Clustering and GO Term Enrichment with stem

  1. Go to the Dahlquist Lab repository on GitHub to obtain the microarray data.
  2. Prepare your microarray data file for loading into STEM.
  3. Now download and extract the STEM software.
    • Click here to download an archived version of the stem.zip file to your Desktop.
    • Unzip the file. Right click on the file icon and select the menu item 7-zip > Extract Here.
    • This will create a folder called stem.
    • Inside the folder, double-click on the stem.jar to launch the STEM program.
  4. Running STEM
    1. In section 1 (Expression Data Info) of the the main STEM interface window, click on the Browse... button to navigate to and select your file.
      • Click on the radio button No normalization/add 0.
      • Check the box next to Spot IDs included in the data file.
    2. In section 2 (Gene Info) of the main STEM interface window, leave the default selection for the three drop-down menu selections for Gene Annotation Source, Cross Reference Source, and Gene Location Source as "User provided".
    3. Click the "Browse..." button to the right of the "Gene Annotation File" item. Browse to your "stem" folder and select the file "gene_association.sgd.gz" and click Open.

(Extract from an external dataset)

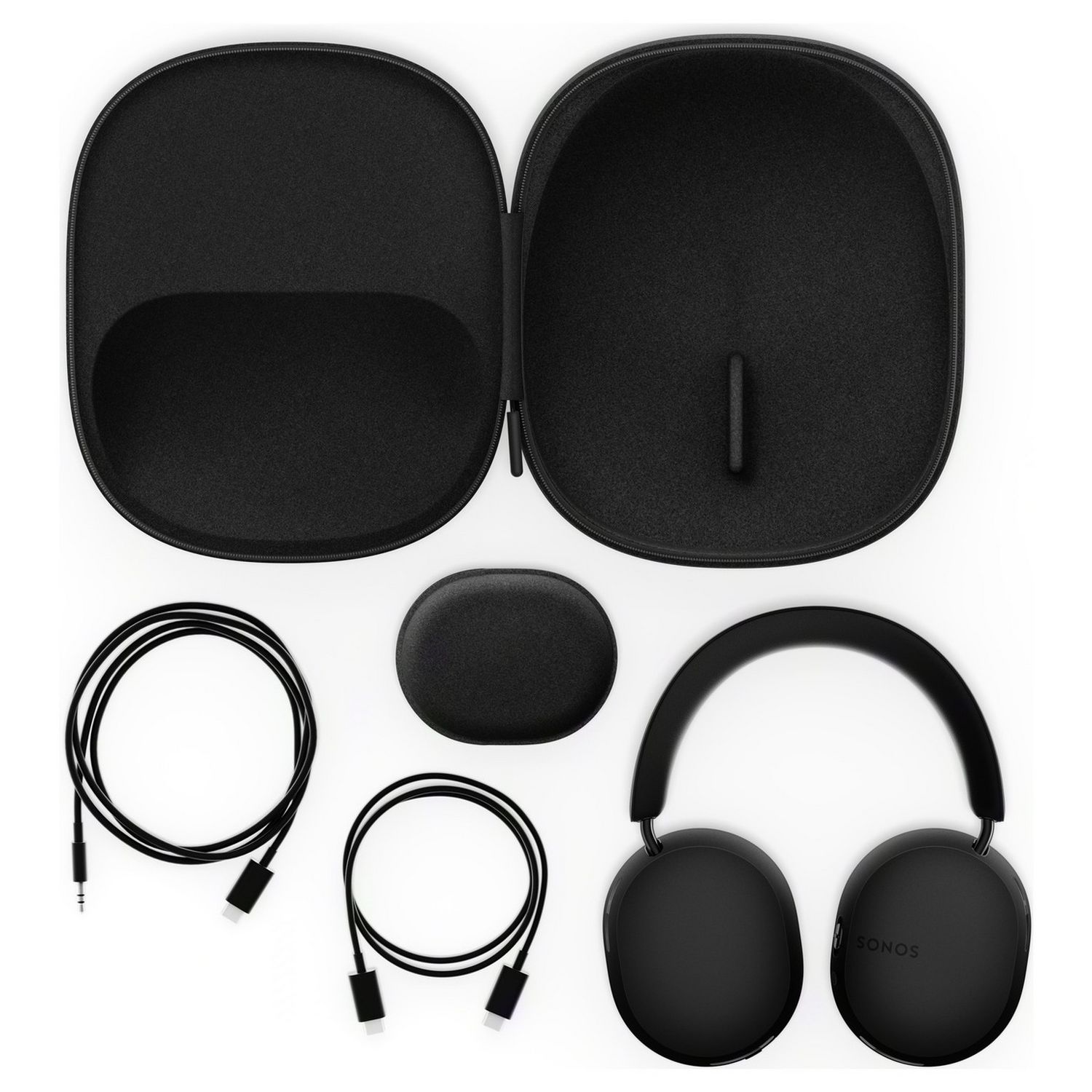 Sonos Ace over-ear wireless headphones black, UK version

    4. In section 3 (Options) of the main STEM interface window, make sure that the Clustering Method says "STEM Clustering Method" and do not change the defaults for Maximum Number of Model Profiles or Maximum Unit Change in Model Profiles between Time Points.
    5. In section 4 (Execute) click on the yellow Execute button to run STEM.

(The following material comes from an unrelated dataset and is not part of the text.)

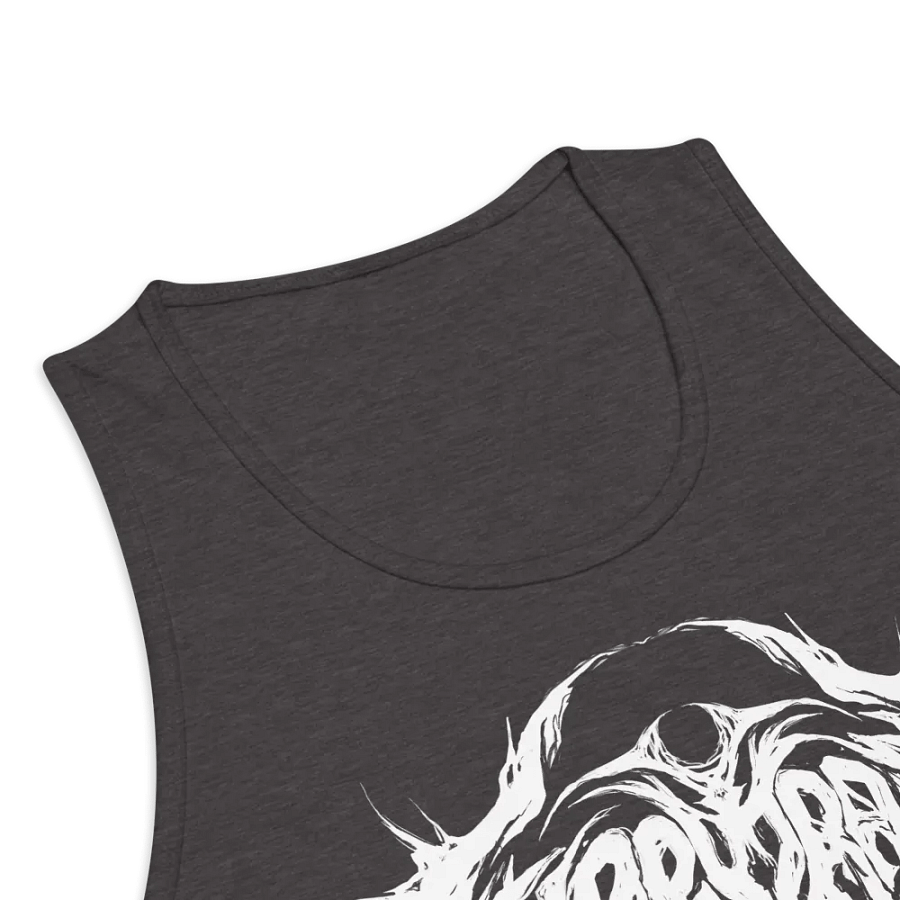 Furry Trash Metal Logo Tank - White Print product image (5)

  5. Viewing and Saving STEM Results
    1. A new window will open called "All STEM Profiles (1)". Each box corresponds to a model expression profile. Colored profiles have a statistically significant number of genes assigned; they are arranged in order from most to least significant p value. Profiles with the same color belong to the same cluster of profiles. The number in each box is simply an ID number for the profile.
      • Click on the button that says "Interface Options...". At the bottom of the Interface Options window that appears below where it says "X-axis scale should be:", click on the radio button that says "Based on real time". Then close the Interface Options window.
      • Take a screenshot of this window (on a PC, simultaneously press the Alt and PrintScreen buttons to save the view in the active window to the clipboard) and paste it into a PowerPoint presentation to save your figures.
    2. Click on each of the SIGNIFICANT profiles (the colored ones) to open a window showing a more detailed plot containing all of the genes in that profile.
  6. Analyzing and Interpreting STEM Results
    1. Each person in the class will select one profile for further analysis. Answer the following:
      • Why did you select this profile? In other words, why was it interesting to you?
      • How many genes belong to this profile?
      • How many genes were expected to belong to this profile?
      • What is the p value for the enrichment of genes in this profile for each of the strains? Bear in mind that we just finished computing p values to determine whether each individual gene had a significant change in gene expression at each time point. The p value reported by stem determines whether the number of genes that show this particular expression profile across the time points is significantly more than expected.
      • Open the GO list file you saved for this profile in Excel. This list shows all of the Gene Ontology terms that are associated with genes that fit this profile. Select the third row and then choose from the menu Data > Filter > Autofilter. Filter on the "p-value" column to show only GO terms that have a p value of < 0.05. How many GO terms are associated with this profile at p < 0.05? The GO list also has a column called "Corrected p-value". This correction is needed because the software has performed thousands of significance tests. Filter on the "Corrected p-value" column to show only GO terms that have a corrected p value of < 0.05. How many GO terms are associated with this profile with a corrected p value < 0.05?
      • Select 10 Gene Ontology terms from your filtered list (either p < 0.05 or corrected p < 0.05) that you will present and analyze in your final report.
        • Create a table for your final report with just those 10 terms. Your table should include the following data from the GO list file:
          • Category ID
          • Category Name
          • #Genes Category
          • #Genes Assigned
          • #Genes Expected
          • #Genes Enriched
          • p-value
          • Corrected p-value
          • Fold
        • Look up the definitions for each of the terms at http://geneontology.org. For your final lab report, you will supply the definition and discuss the biological interpretation of these GO terms. In other words, why does the cell react to cold shock by changing the expression of genes associated with these GO terms?
        • To easily look up the definitions, go to http://geneontology.org.
        • Copy and paste the GO ID (e.g. GO:0044848) into the search field on the left of the page.
        • In the results page, click on the button that says "Link to detailed information about <term>, in this case "biological phase"".
        • The definition will be on the next results page, e.g. here.